● INPUT DATA:
════
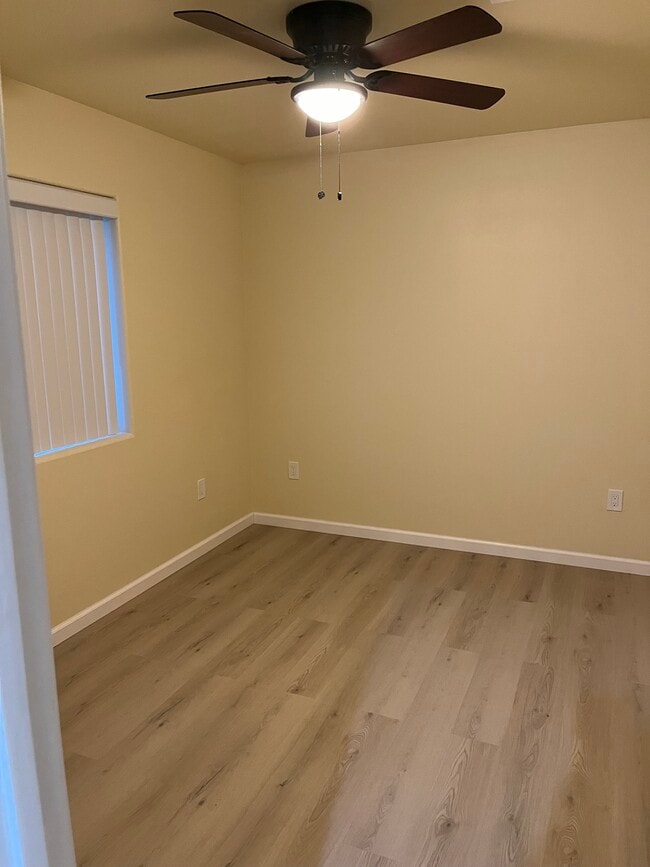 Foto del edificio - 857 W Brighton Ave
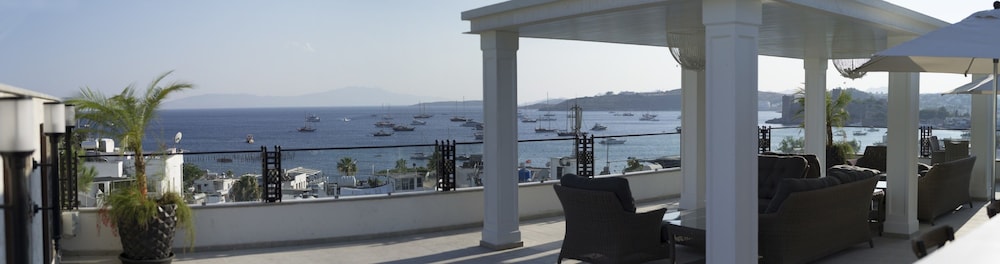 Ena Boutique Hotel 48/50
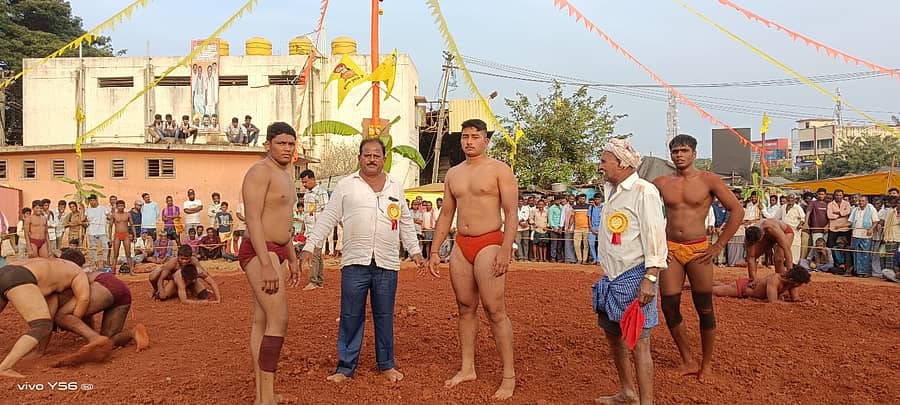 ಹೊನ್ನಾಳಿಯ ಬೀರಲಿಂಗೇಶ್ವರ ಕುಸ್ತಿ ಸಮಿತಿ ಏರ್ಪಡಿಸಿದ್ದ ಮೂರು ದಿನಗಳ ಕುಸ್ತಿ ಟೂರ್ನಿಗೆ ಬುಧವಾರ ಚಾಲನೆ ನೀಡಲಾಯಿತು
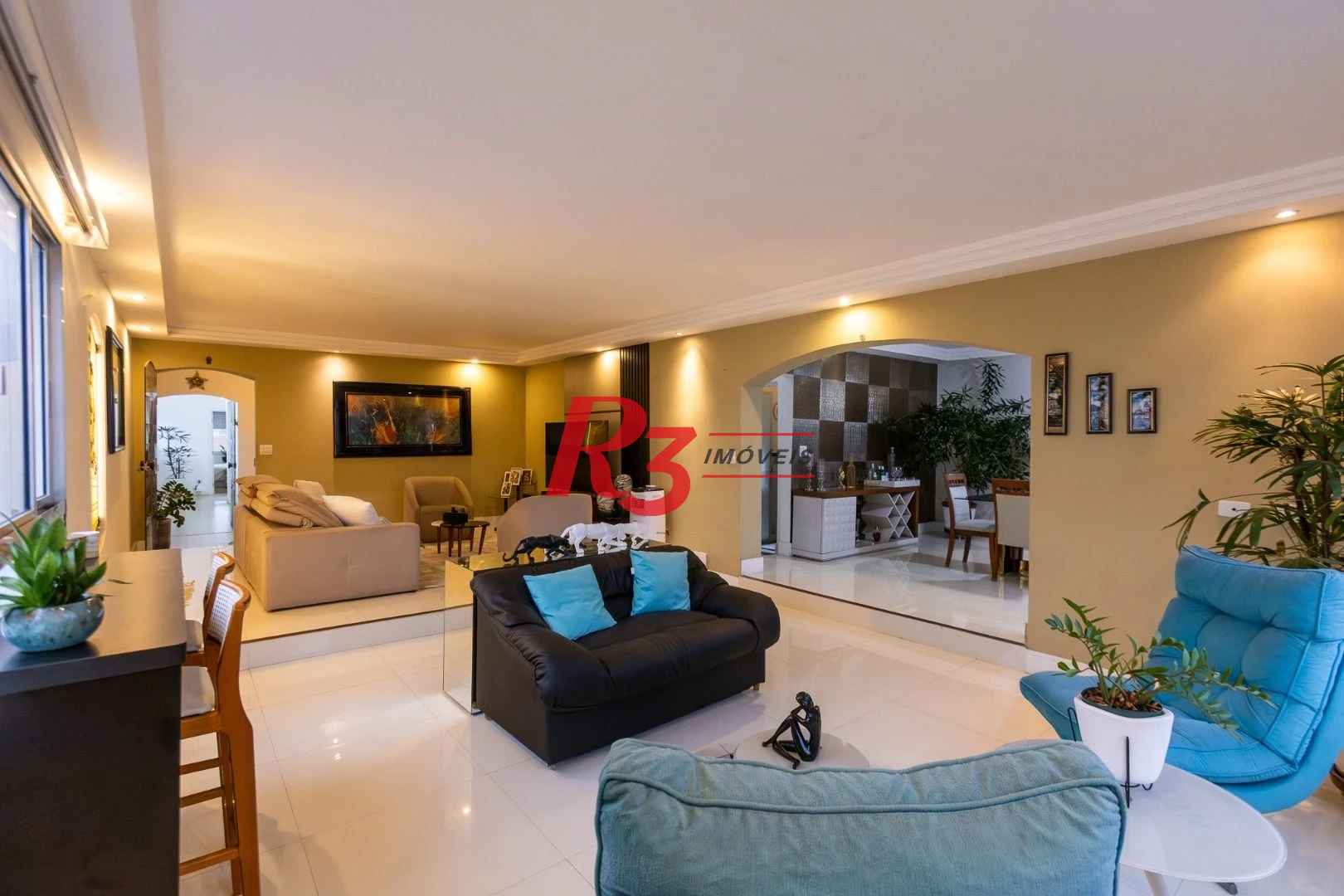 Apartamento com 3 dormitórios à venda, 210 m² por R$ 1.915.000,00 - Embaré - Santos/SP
════
● BRIEF: Print once more, exactly, the lines from the one with "Ena Boutique Hotel 48/50" through the last line of the data, both ends included, without any pictures.

● YOUR RESPONSE:
 Ena Boutique Hotel 48/50
 ಹೊನ್ನಾಳಿಯ ಬೀರಲಿಂಗೇಶ್ವರ ಕುಸ್ತಿ ಸಮಿತಿ ಏರ್ಪಡಿಸಿದ್ದ ಮೂರು ದಿನಗಳ ಕುಸ್ತಿ ಟೂರ್ನಿಗೆ ಬುಧವಾರ ಚಾಲನೆ ನೀಡಲಾಯಿತು
 Apartamento com 3 dormitórios à venda, 210 m² por R$ 1.915.000,00 - Embaré - Santos/SP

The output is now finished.